Five-year-old Kiara Clark admitted picking up the rhythms was “really, really hard” at first, but once she committed them to memory, they became easier to play.

“I’m really happy with the drums,” she said. “When I take that class, it really feels good to be playing the drums. It makes you want to dance a little bit.”

Actually, the burgeoning musicians danced a lot. The workshop met for an hour and a half every afternoon last week. When the children grew restless on the drums, Dosso hustled them out of their seats to teach them the dance component of the song.

“The dancing is very tiring,” said Clare Frantz, 10. “With the drumming, your arms get a little weak, and sometimes your hands hurt. Once you get used to how it feels, it doesn’t hurt as much.”

Getting the beat

Frantz said Dosso had taught the class some interesting things about African culture.

“She tells us a lot about Africa and what kind of music they like,” she said. “She’ll tell us about how the drums are used and what the different names of them are.”

The children learned that West African drum music is built of polyrhythms, or combinations of several rhythms, and that songs and dances are one and the same. The song and dance the children learned was the Coucou, a traditional song of welcome in which the djun-djuns and djembes play different parts while people dance.

From left, Allison Swisher, 5, Joshua Keltz, 5, instructor Julie Dosso, Kiara Clark, 5, and Ashley Booher, 4, pound out African beats on drums. Dosso led the Lawrence youngsters in a weeklong workshop on African drum and dance last week at the Lawrence Arts Center.

In Africa, music is a medium for transmitting knowledge and values and for celebrating important communal and personal events. It’s the harmonious aesthetic of African drum and dance — the notion that everyone’s part is needed to complete the message — that drew Dosso to it.

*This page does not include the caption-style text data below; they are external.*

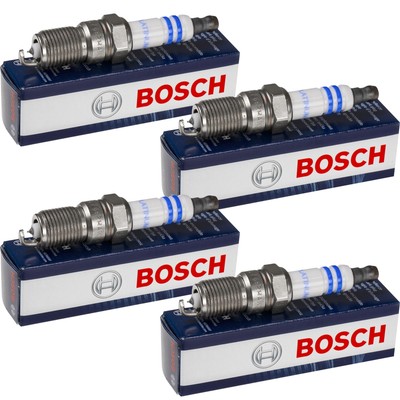 4x BOSCH Zündkerze Platinum für Ford Focus C-Max BA7 2.0 Jaguar S-Type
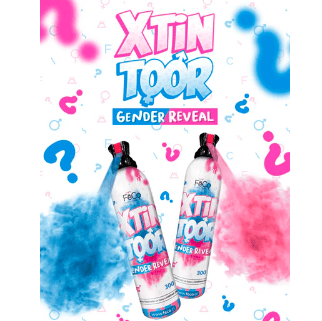 Gender Reveal Smoke 1 Unidad (Azul / Rosado)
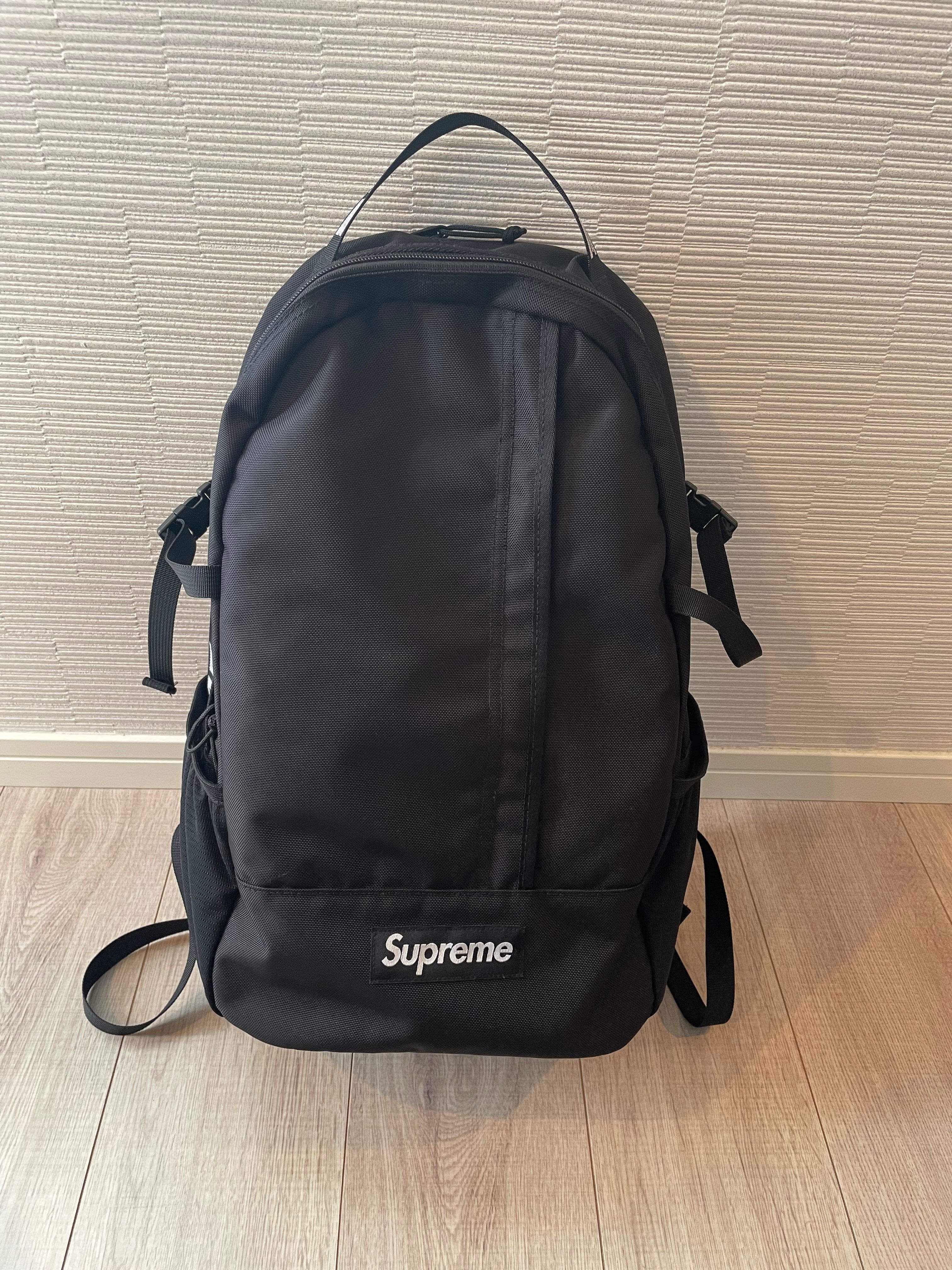 Supreme 18SS Backpack "Black"
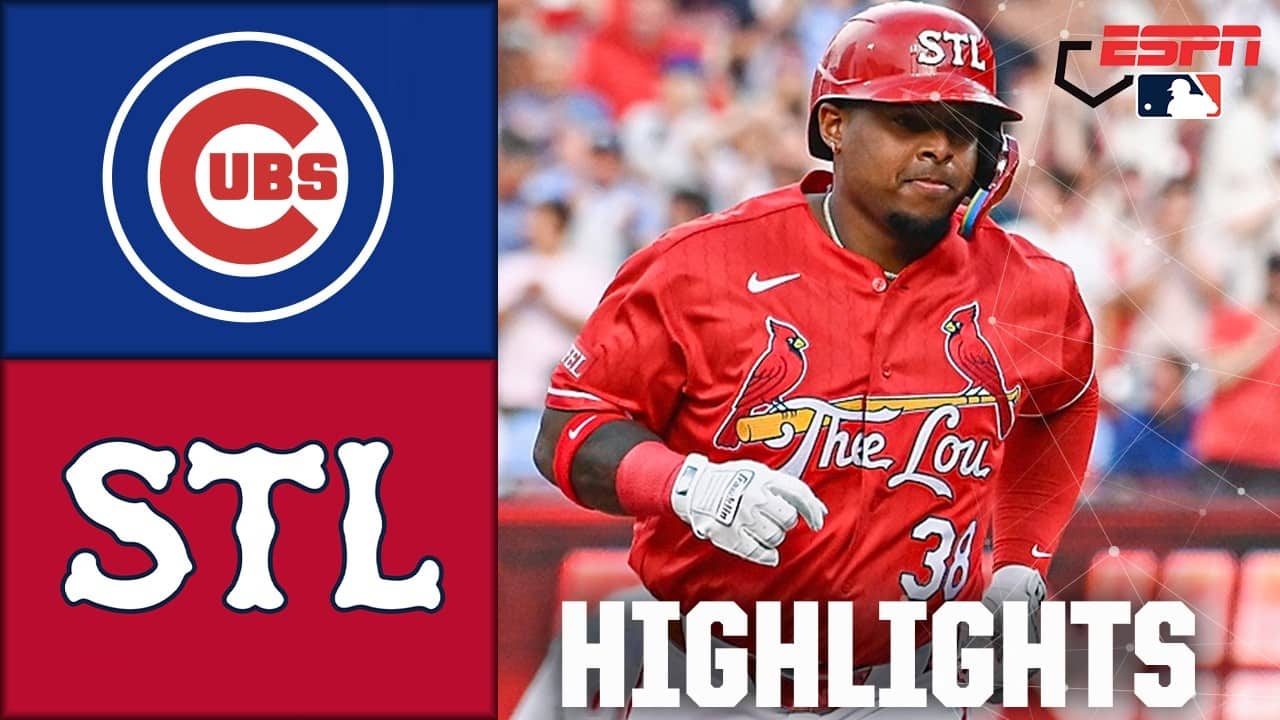 Chicago Cubs vs. St. Louis Cardinals | Full Game Highlights | ESPN MLB
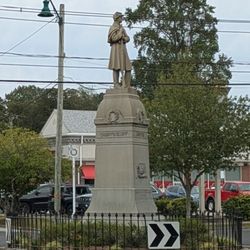 Stonington Civil War Memorial - Stonington Civil War Memorial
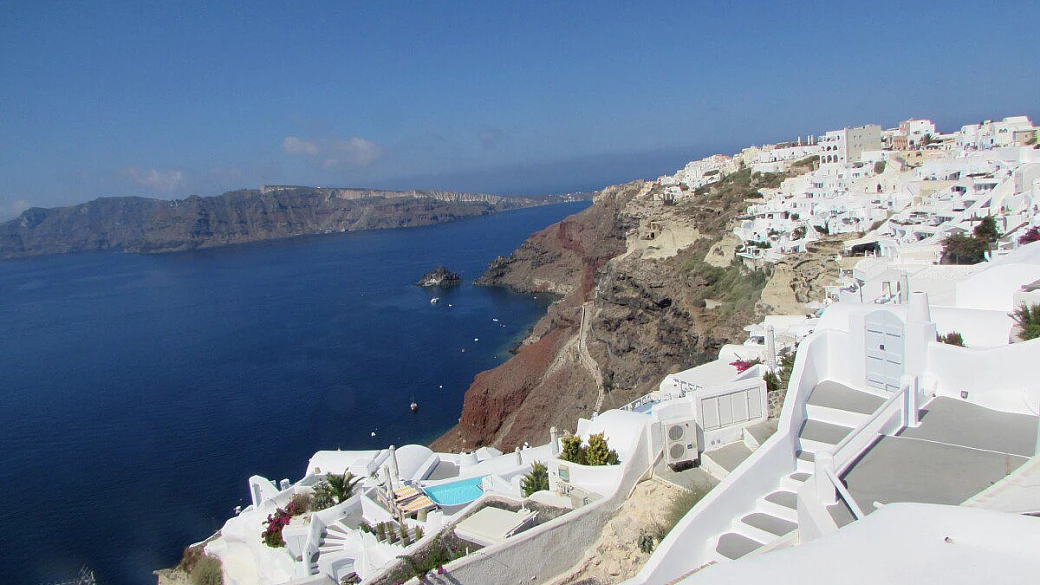 santorini, istruzioni per l'uso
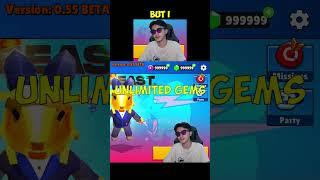 BETA GEMS VS AWVEXEL & REYJU PART 2 #shorts #stumbleguys #fyp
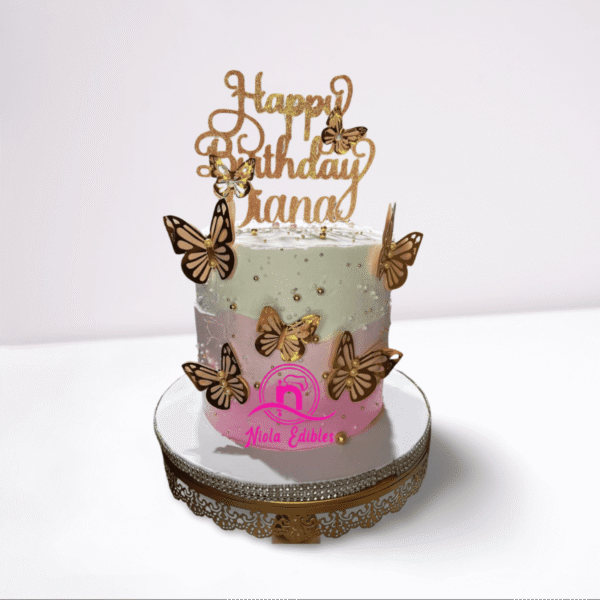 Happy Day Celebration Cake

A dancer by trade, the 33-year-old Dosso, whose parents live in Lawrence, led a children’s drum and dance company in Orlando, Fla., before moving to Denton, Texas, where she’s working toward her master of fine arts degree in dance at Texas Woman’s University. She got turned onto West African dance while studying modern dance in Rochester, N.Y. She studied under teachers from Senegal.

“I came to it as a dancer,” she said, “but it wasn’t until I started drumming that I began to understand the essence (of West African music). I think it’s really the energy, the spirit of the drums and rhythms, that people connect with on a real kinesthetic level, whether they’re drumming, dancing or singing.”

By the end of the weeklong class, some of the children were beginning to feel that connection.

“I just signed up for it because it looked pretty cool,” Frantz said of the workshop. “I’ve actually learned a little about the African drums for school. Now I’m getting into the beat of it.”

Julie Dosso leads youth in a dance during a weeklong West African drum and dance workshop at the Lawrence Arts Center. Students practiced Tuesday for the informal performance they gave their parents Friday.

Ashley Booher's hands and feet hang over a shekere, an African percussion instrument made by stringing a net of beads over a gourd, at the Lawrence Arts Center. Booher attended Julie Dosso's West African drum and dance workshop last week at the center.